Technologies to watch for in 2024: Large Fragment DNA insertion
I am obsessed with this “Seven technologies to watch in 2024” Nature technology feature published in January. I’ve gone back to it frequently to reserch a few of the technologies, and written a bunch of LinkedIn posts on it (much to the chagrin of my small audience who generally is interested in health data thoughts :)). I keep going back to it because I’m intrigued by both the wonder and hope that cutting edge tech can induce in all of us. We must never lose that sense of wonder and admiration for big ideas. The ideas that push our boundaries of possibility might veer in the realm of crazy… but nothing cool ever got accomplished without a smidge of madness.
I thought it might be worth to expand on one of my favorite technologies — large fragment DNA insertion, as its applications touch on some fields I’m particularly passionate about, including molecular biology, systems bio, chem/agriculture and biochemistry. Lots to discuss about this space, but think of the items below as falling into the category of “What Vera wishes existed that probably already exists 🤔”. If anyone reading this is working on any “dream applications” I’m highlighting, let’s chat! 🤓
First off, what do we mean when we say “large fragment DNA insertion”? By utilizing CRISPR and related techniques for precise and programmable DNA insertion, researchers are managing to insert or replace larger and larger DNA fragments into a cell’s complex genomic markup. By virtue of the DNA size that can be incorporated, this expands genetic engineering capabilities by broadening the molecular biology toolkit. These techniques promise advancements in agriculture and clinical care: from enhancing crop resistance, to treating genetic diseases.
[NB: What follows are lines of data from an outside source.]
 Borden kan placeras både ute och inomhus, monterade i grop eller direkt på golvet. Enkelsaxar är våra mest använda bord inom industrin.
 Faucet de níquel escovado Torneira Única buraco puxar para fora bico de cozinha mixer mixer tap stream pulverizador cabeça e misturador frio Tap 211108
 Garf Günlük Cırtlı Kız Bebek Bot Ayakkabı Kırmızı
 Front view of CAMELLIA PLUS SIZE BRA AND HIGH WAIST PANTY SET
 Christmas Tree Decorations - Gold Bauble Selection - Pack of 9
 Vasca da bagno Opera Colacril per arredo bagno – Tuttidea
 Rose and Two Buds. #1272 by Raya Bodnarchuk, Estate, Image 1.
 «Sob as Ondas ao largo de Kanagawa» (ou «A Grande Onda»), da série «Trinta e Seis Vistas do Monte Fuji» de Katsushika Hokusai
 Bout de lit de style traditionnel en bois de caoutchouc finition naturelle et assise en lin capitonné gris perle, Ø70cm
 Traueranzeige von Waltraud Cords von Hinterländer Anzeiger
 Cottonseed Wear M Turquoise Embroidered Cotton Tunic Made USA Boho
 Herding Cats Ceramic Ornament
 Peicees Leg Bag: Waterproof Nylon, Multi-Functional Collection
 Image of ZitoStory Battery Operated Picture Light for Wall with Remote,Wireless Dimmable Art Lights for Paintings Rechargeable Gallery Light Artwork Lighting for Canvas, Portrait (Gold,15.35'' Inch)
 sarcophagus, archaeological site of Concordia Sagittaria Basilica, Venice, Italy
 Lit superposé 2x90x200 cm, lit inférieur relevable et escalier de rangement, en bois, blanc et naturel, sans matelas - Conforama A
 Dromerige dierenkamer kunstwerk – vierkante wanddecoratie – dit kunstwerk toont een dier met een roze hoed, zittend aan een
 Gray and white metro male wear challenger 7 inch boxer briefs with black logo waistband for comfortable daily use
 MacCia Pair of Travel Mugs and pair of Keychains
Under that definition, here’s some personal “dream applications” for these techniques (some which already are being pursued!):
1️⃣ Genetically engineer fortified plants that produce vitamins found only in animal products. The ideal dream application would be a plant that produces Vitamin B12 (cobalamin). But some quick research showed that there are dozens of genes involved in the biosynthesis of cobalamin… plus there’s that pesky Cobalt atom. My search highlighted a more feasible option: the expression of vitamin D3 in tomatoes, which requires targeting a repressor gene, and a bit of sunlight. Targeting repressor pathways to up-regulate/re-activate an existing pathway seems a more feasible approach than introducing a network of genes that don’t already exist. But I’ll keep hoping for my B12-producing tomato. 🍅
2️⃣ Cellular trans-differentiation (e.g., instructing a cell to convert into another cell type, based on well-established cell signaling mechanisms). This is obviously super-complex, but it’s not entirely science-fiction to believe that someday we can instruct skin cells to have beta islet functions (produce insulin). In relatively more near-term applications, companies like Ivy Natal are investigating the ability to create egg cells from other cells, thereby offering a fertility path for those unable to produce their own functional gametes. While there are lots of ethical and technical considerations, changing a cell outside of a human’s body feels more feasible than in vivo work in the near future. 🔬
3️⃣ Targeted expression of “cleaning enzymes” in diseases caused by protein aggregation (e.g., Alzheimer’s). I’ll admit that this feels like the most far fetched out there, but research has already shown that enzymes like Neprilysin (a membrane metallo-endopeptidase) can degrade amyloid beta depositions. Efficiently expressing the enzyme — at the right yield in the right cells — would be extremely difficult though. Potentially encouraging the expression and activation of naturally occurring Neprilysin would be a future therapeutic opportunity to slow disease progression. 🧐
4️⃣ Genetically engineering novel bacterial species to create a super-healthy gut microbiome (because, what could really go wrong here? 😅). These could also be used as a vehicle to manufacture and deliver biologics in the gut. Do I hear “in house GLP-1 production”? (Through a tightly controlled on/off expression circuit, of course.) 🧫
5️⃣ Transform “white adipose tissue” (fat cells) into “brown adipose tissue” (also trans-differentiation themed). Since Brown Adipose Tissue (BAT) can burn fat/generate heat better than its white adipocyte cousins, it could be interesting to try to engineer different body concentration of BATs by incorporating a large DNA segment expressing a number of factors that could transform a white into a brown fat cell. Beyond the obvious challenge of identifying the right transcription factors, expressing them at the right concentrations, researchers would need to also selectively target white adipose tissue, and ensure the transformed cells respond the same way endogenous BATs would respond to hormonal, temperature, and nutrition signals. 🦇
6️⃣ Replacing defective enzymes — this is absolutely *not* a crazy idea, and there are many clinical programs already in place. ☑️
All of these are super worth-while ideas, but if I had a second life to live, I’d start a company based on idea #2. (For idea #1, I’d buy the B12-tomatoes rather than make my own!)